A true analysis would reveal that consciously built seating spaces would generally contain an elevated plane raised to the knee height of an individual (i.e., 450mm approximately), so that it becomes anthropometrically viable to function as a surface for sitting. Such elements range from simple benches, chairs, stools to patios and large scale amphitheatres. In other cases, simply open or semi-open spaces might also serve as seating spaces as in the case of balconies, terraces, parks, river banks, projections of rocks and beaches.
It is clearly seen from these examples that such spaces may or may not be consciously designed, but their use for such a purpose gives them their identity.
The architectural requirements of seating spaces in a personal level would extend up to a perimeter which allows social interaction between two more individuals. Thus, besides meeting the ergonomic demand, these spaces must also be barrier free and socially responsive for its users. Even in their natural occurrences, such space must fulfil these criteria before it is identified as a seating space.
A common example would be that of the entrance porches which are identified as seating space though their original purpose is completely different.

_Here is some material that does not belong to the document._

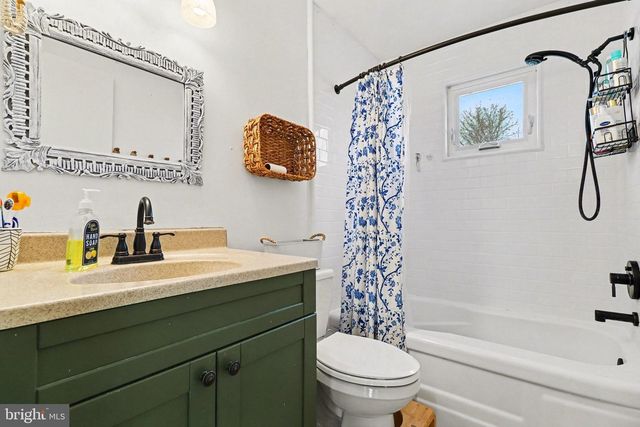 17 PICKFORD DR, Lancaster, PA 17603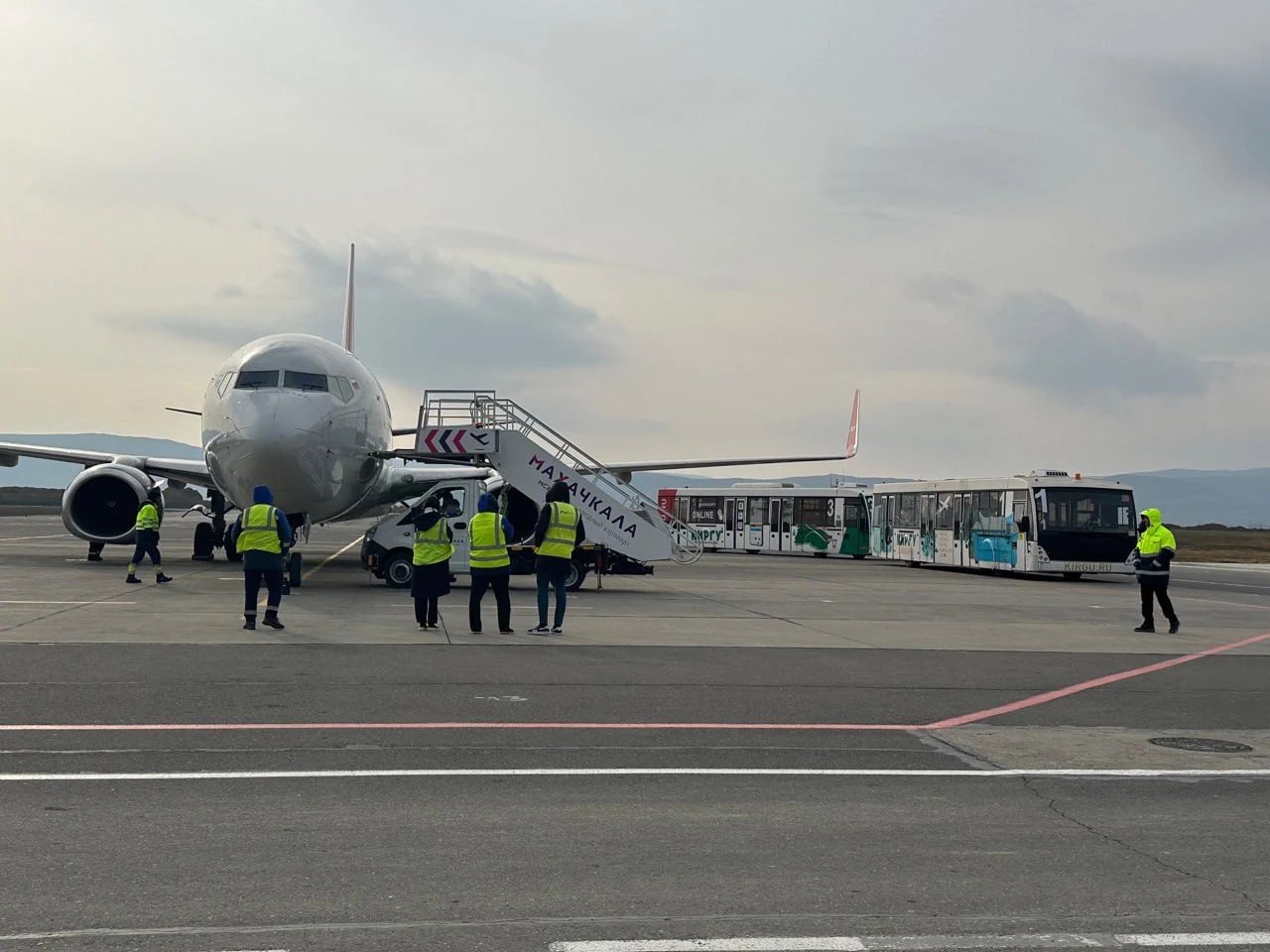 Махачкалу и Красноярск с 10 июня свяжет прямой авиарейс По данным авиакомпаний он будет выполняться дважды в неделю На воздушной линии будет задействован самолёт Boeing 737 800 Махачкала станет 22 м городом России в маршрутной сети Аэрофлота из международного аэропорта Красноярск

The closely packed dwelling units of the Brahmapuri settlement in Jodhpur have their plinths extended horizontally from the external facades. These projections over the years have served as seating platforms for the dwellers and have been unconsciously identified themselves as seating platforms. Similar spatial entities exist in the Badami settlement of Karnataka.
It is also very commonly observed that natural features are often identified as seating spaces though they might not necessarily be in sync with the ergonomic requirements of its users. In such cases, the spatial experience emerging from the surroundings play a dominant role in identifying such a space as a seating space. This is usually observed in the crevices, projections and voids found in naturally occurring rocks. There are no strict boundaries and is purely a subjective judgement to identify spaces for the purpose of sitting. Many a times, it has been observed that a typical lane in cities such as Kolkata, have many interesting definition of seating spaces carved from the users’ imagination. If for instance, a roadside tea shop is hypothetically considered, then, in all probability, it would have no formal arrangements for its customers to relax and sit. However, it would be probably be located under the shade of a large Chatim or Banyan tree. This tree would be surrounded with a few rocks or wooden planks. Customers would usually identify areas like these as pockets of congregation spaces despite their random and irregular occurrences. The street culture is identified from the characteristic development of such congregation pockets without conscious design interventions.
Thus, in a nutshell, seating spaces are nothing but spaces conceptualised as planes to be used for the purpose of sitting or reposing. Their functionality may be determined from a conscious effort to define the activity for which it is built through design interventions. However, in some cases, their functionality maybe a direct result of regular usage of spatial pockets or entities for the purpose of sitting. Thus, there are no standards or rules for identifying such spaces and their existence is purely a subjective choice based out of need. However, the existence of seating spaces of this nature helps to develop the architectural character of city pockets, making them alive and socially responsive.
- An analysis derived from day to day observations.
- Case study on the public socio-cultural aspects of the Brahmapuri settlement and the inferences drawn from the study in the context of socially responsive spaces.
- Observations from the old Badami settlement.